Makkasan (มักกะสัน, /th/) is the name of an intersection and the surrounding neighbourhood in Bangkok's Ratchathewi district. It is one of the khwaengs (sub-districts) of Bangkok.

==Name==

Makkasan is named after the Makassar people, the Muslims who fled the Dutch attack in 1905 to Bangkok and were permitted by King Chulalongkorn to settle around the east of Bangkok.

==Intersections==
Makkasan Intersection is divided into two closely located intersections. One is the meeting point of Ratchaprarop Road, Chaturathit Road, Si Ayutthaya Road, and Soi Ratchaprarop 10 or Soi Mo Leng, and is known variously as Makkasan, Mo Leng or Ratchaprarop Intersection. The other is the intersection of Ratchaprarop Road and Nikhom Makkasan Road, named Nikhom Makkasan intersection. The area is considered one of the most prone to traffic jams in Bangkok, especially during rush hour. Makkasan is not far from major shopping districts and Bangkok's traffic centers, such as Pratunam or Victory Monument.

==Incidents==

===Makkasan black panther===
Around mid-1981, the Makkasan became widely known after reports emerged of a black panther roaming and causing disturbances in the area surrounding the Makkasan Workshop of the State Railway of Thailand (SRT), an overgrown and abandoned area covering more than 500 rai (197 acre), filled with dense vegetation and water sources, making it an ideal hiding place for wildlife.
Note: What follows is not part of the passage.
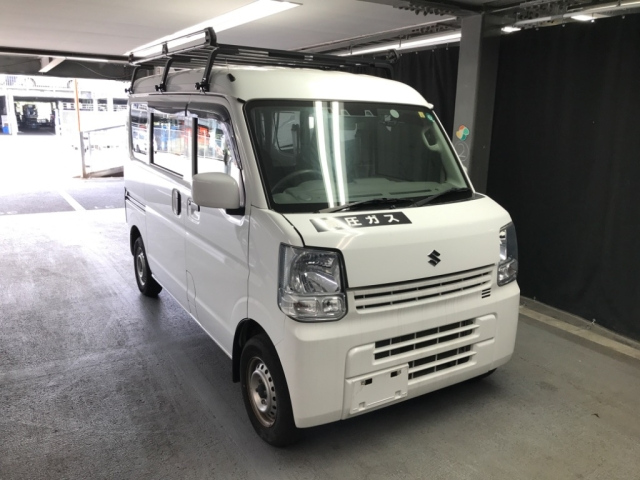 SUZUKI EVERY 2021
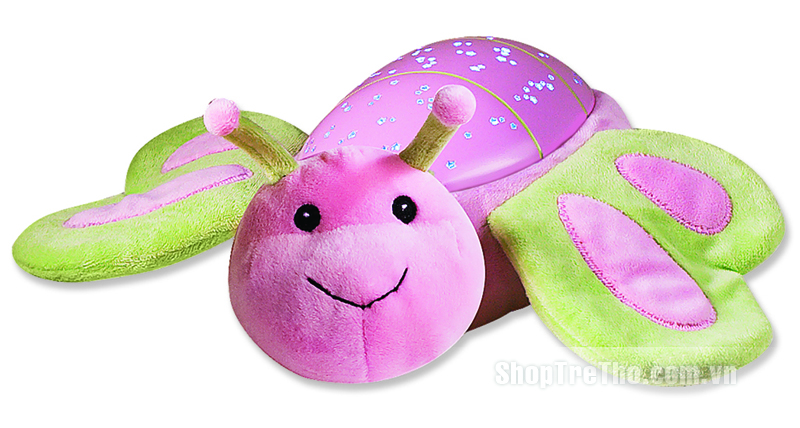 Đèn chiếu sao ru ngủ bươm bướm Summer Slumber buddies Butterfly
The incident raised a mystery as to how such a large wild animal could end up in the heart of Bangkok, and it caused widespread fear among the public. The animal became known as the "Makkasan Black Panther" (เสือดำมักกะสัน). Authorities spent as long as 46 days tracking the animal before finally capturing it and releasing it into Huai Kha Khaeng Wildlife Sanctuary.

Amid the buzz, rumors surfaced about two years later suggesting that the panther had actually been deliberately released for certain political purposes.

===2026 train collision===

At 3:35 PM on Saturday, 16 May 2026, a freight train collided with a Bangkok Mass Transit Authority (BMTA) air-conditioned bus, route 3-30 (206), at a railway crossing near Makkasan Station. The accident resulted in 8 fatalities and 35 injuries, becoming one of the most serious railway accidents in Thailand.

==Places==
- Tourism Authority of Thailand (TAT)
- Bangkok Doll Museum
- Soi Ratchataphan (also known as Soi Mo Leng)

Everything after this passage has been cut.